Helicopter dads like to hover up above and tiger moms like to roar down below, but now make room for a whole new breed of mothers and fathers, lawn-mower parents: folks who go to great lengths to prevent their child(ren) from having to face any adversity at all – and they do so by removing all obstacles found in the way. (They’re also called curling parents, who, like a broom sweeper in the sport, groom an area clear in anticipation of their child’s arrival to it). Up north, instead of lawn-mower parents, the concept is called snow-plow parents.
Here are some examples:
Bye-Bye, Fido And Fluffy – Before the child is born, a new home is found for the dog or cat, so there’s zero chance the infant might be scratched or nicked.

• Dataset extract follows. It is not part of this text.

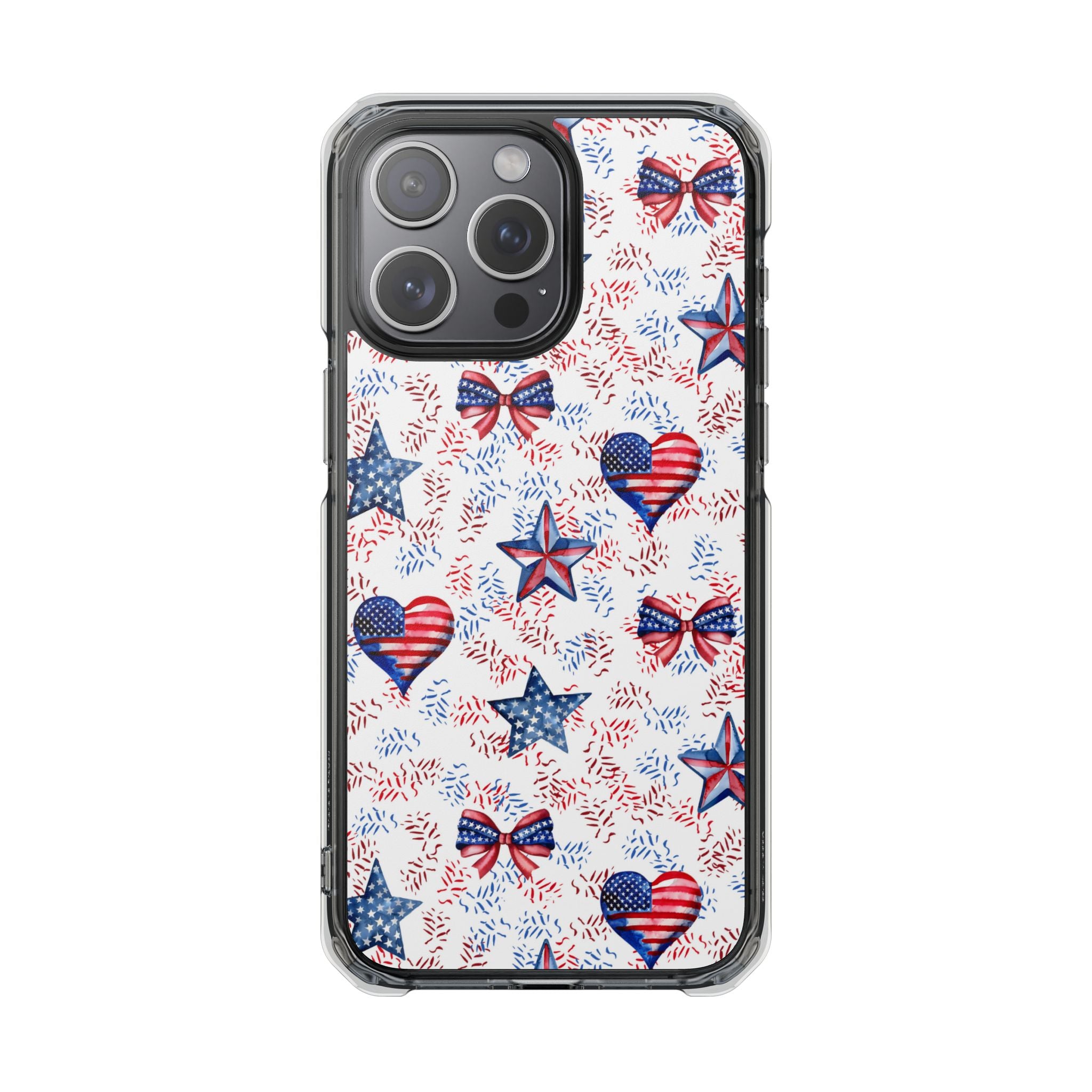 Stars Celebrate Freedom iPhone Case - Impact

Batten Down The Hatches – When the toddler’s walking, all that’s moveable is put away or glued down, so the little one will not have to hear a stern “No!”
Bigger Is Better – If a child is near the class cut-off date, making them the youngest, then they’re held back a year so they’ll be the biggest and smartest.
Everyone’s A Winner – Games are chosen and played with no score kept, so the emphasis is on fun; cooperation instead of having winners and losers.
Failure Is Not An Option – Young people are enrolled in educational school programs where there are: no grades, no failing and no hurry.
Surprisingly, a Canadian education psychologist took lawn-mower parenting to task; stating that such coddling will not help, but only harm a child’s long-term development. Dr. Jillian Roberts told Global News Canada, “When fathers and mothers deprive their children of opportunities to practice problem-solving skills, their parenting is actually detrimental to the kids. In fact, what they are really communicating is: “I don’t think you’re capable of handling this on your own.”
The bottom line?
Our job is not to prepare the road for the child. Our job is to prepare the child for the road.